_EXERCISE DETAILS_
Pictures stay out; print the rest of the listing below exactly as it stands.
Start of GIVEN DATA
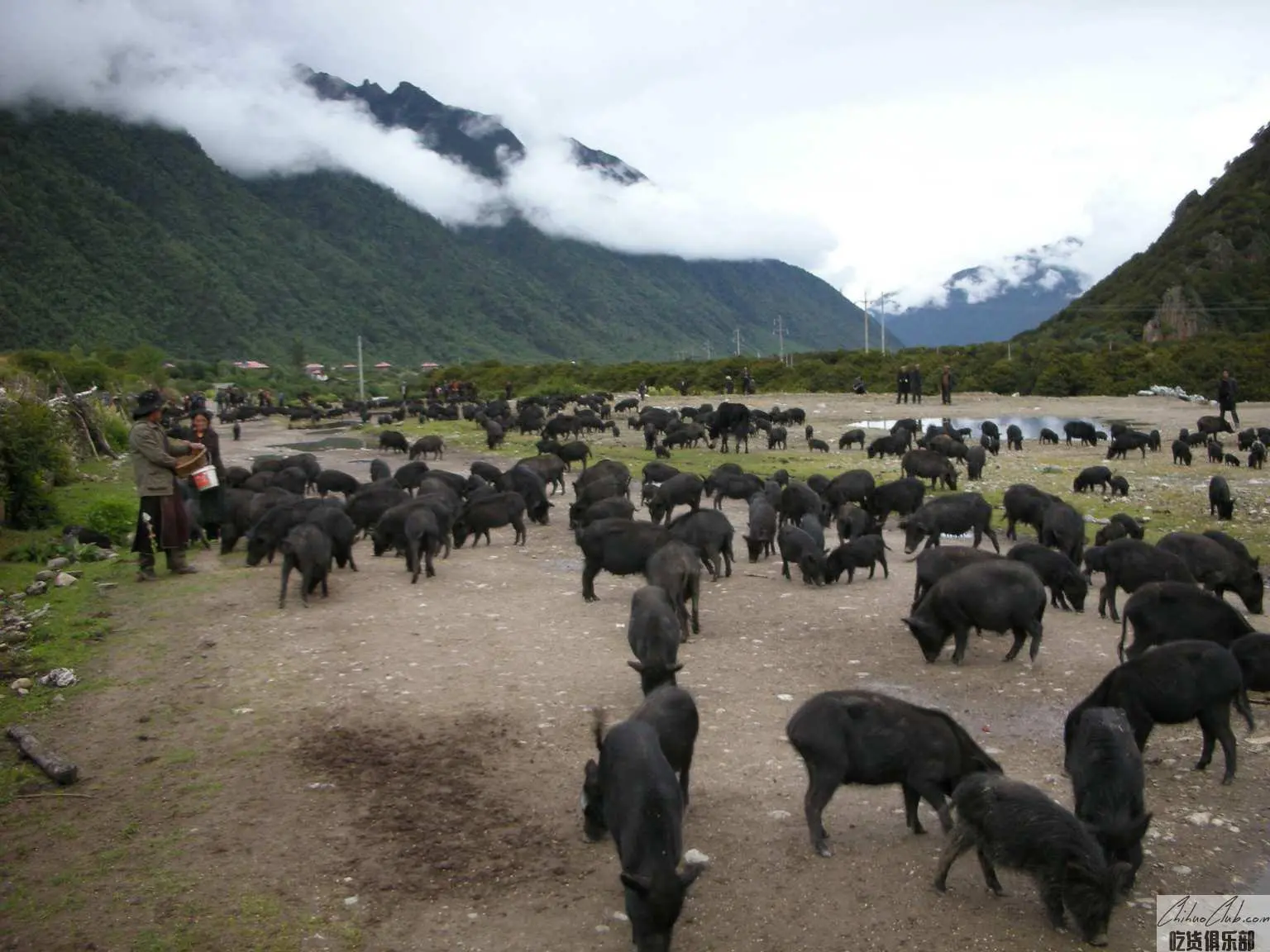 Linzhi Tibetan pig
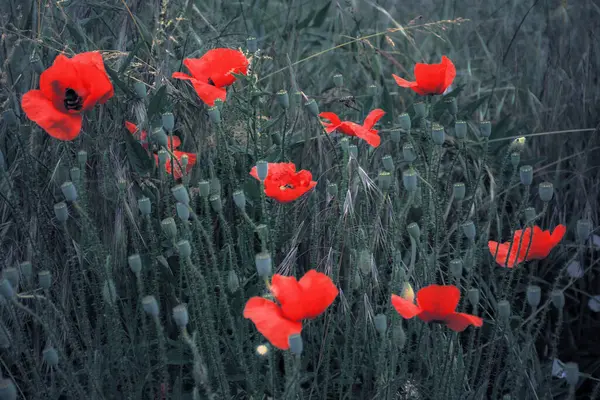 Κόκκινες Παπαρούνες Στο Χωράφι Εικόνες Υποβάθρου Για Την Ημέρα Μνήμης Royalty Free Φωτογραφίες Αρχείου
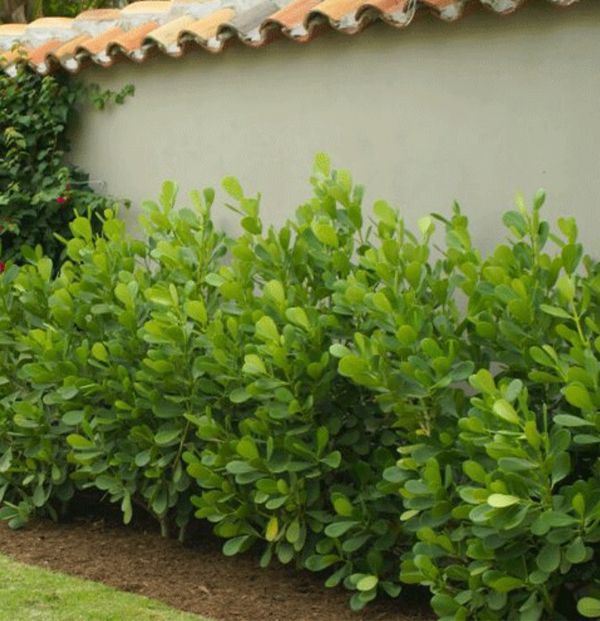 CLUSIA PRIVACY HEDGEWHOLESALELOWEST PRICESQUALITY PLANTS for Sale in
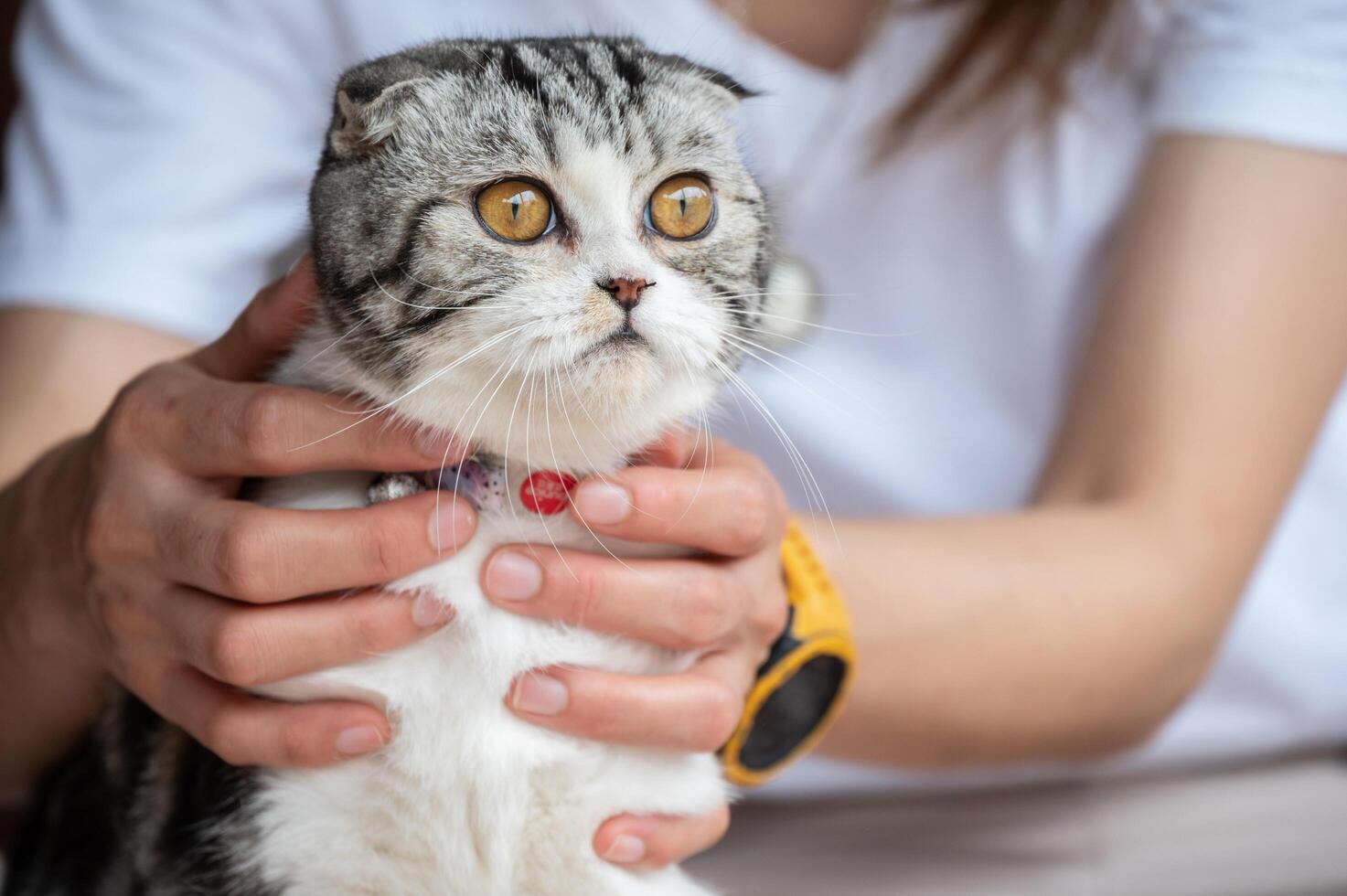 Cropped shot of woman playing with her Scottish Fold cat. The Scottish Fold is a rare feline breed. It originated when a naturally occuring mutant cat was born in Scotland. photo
End of GIVEN DATA
_ANSWER TO THIS PROBLEM_
 Linzhi Tibetan pig
 Κόκκινες Παπαρούνες Στο Χωράφι Εικόνες Υποβάθρου Για Την Ημέρα Μνήμης Royalty Free Φωτογραφίες Αρχείου
 CLUSIA PRIVACY HEDGEWHOLESALELOWEST PRICESQUALITY PLANTS for Sale in
 Cropped shot of woman playing with her Scottish Fold cat. The Scottish Fold is a rare feline breed. It originated when a naturally occuring mutant cat was born in Scotland. photo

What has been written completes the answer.